Task item
The answer must give back every line of the data exactly, with no pictures.

Data block
=== Begin Enclosure ===

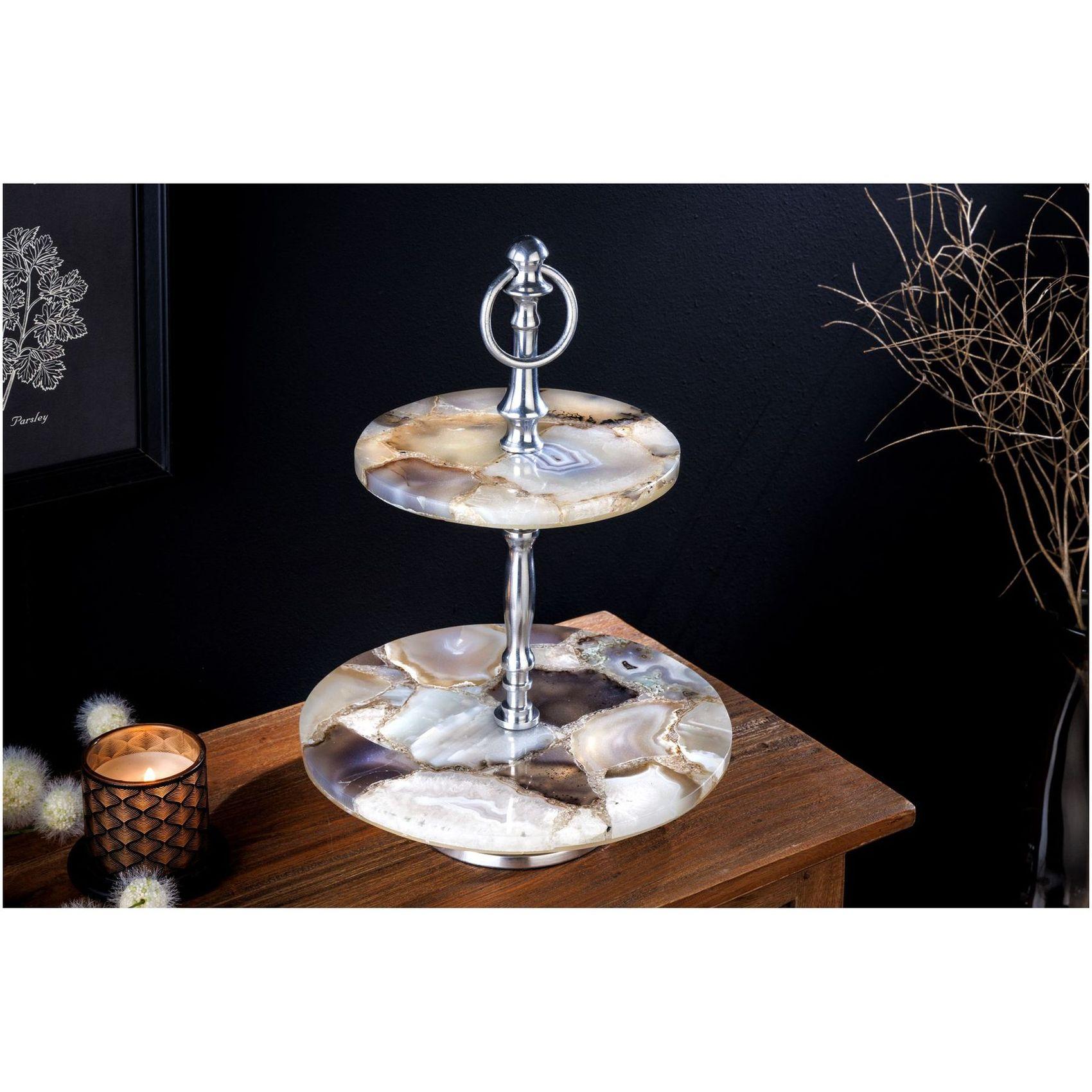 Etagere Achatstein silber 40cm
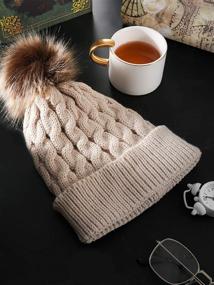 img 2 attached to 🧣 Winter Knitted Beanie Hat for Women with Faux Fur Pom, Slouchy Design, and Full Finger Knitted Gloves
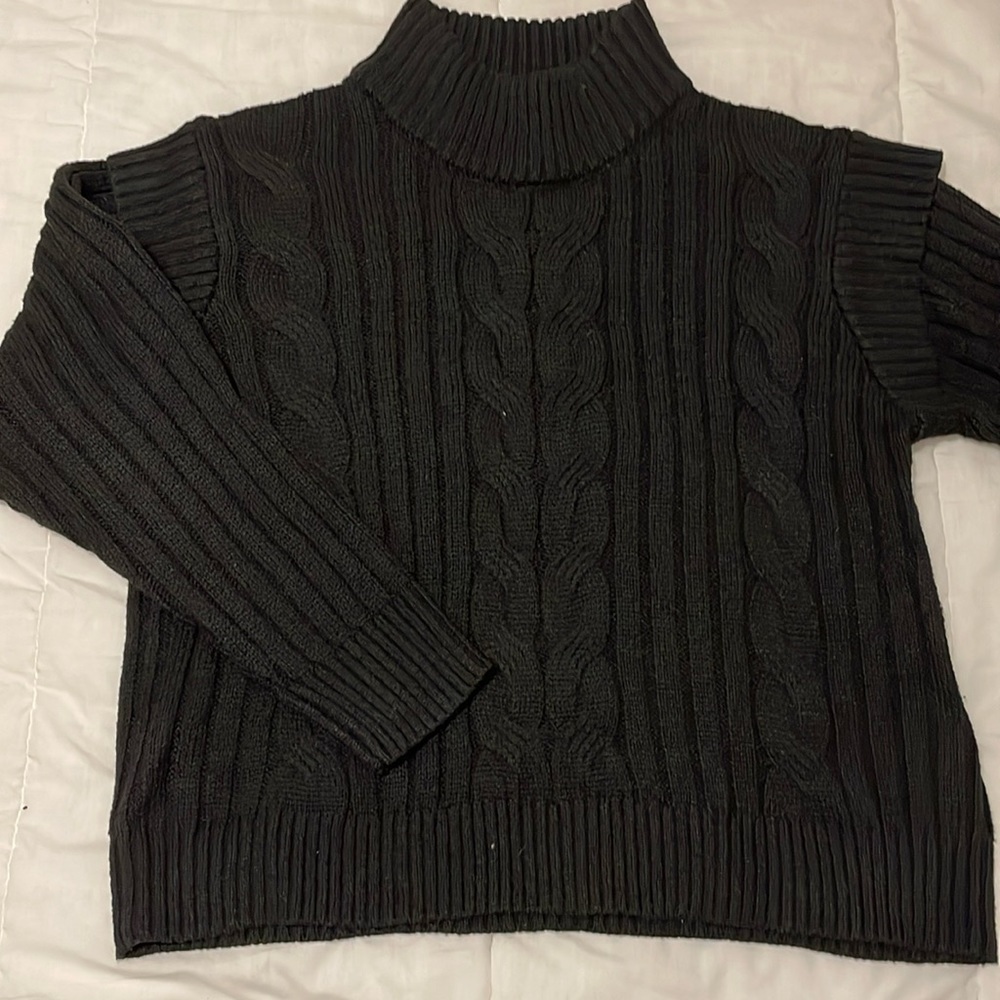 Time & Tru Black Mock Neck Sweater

=== End Enclosure ===

Response to the exercise
 Etagere Achatstein silber 40cm
 img 2 attached to 🧣 Winter Knitted Beanie Hat for Women with Faux Fur Pom, Slouchy Design, and Full Finger Knitted Gloves
 Time & Tru Black Mock Neck Sweater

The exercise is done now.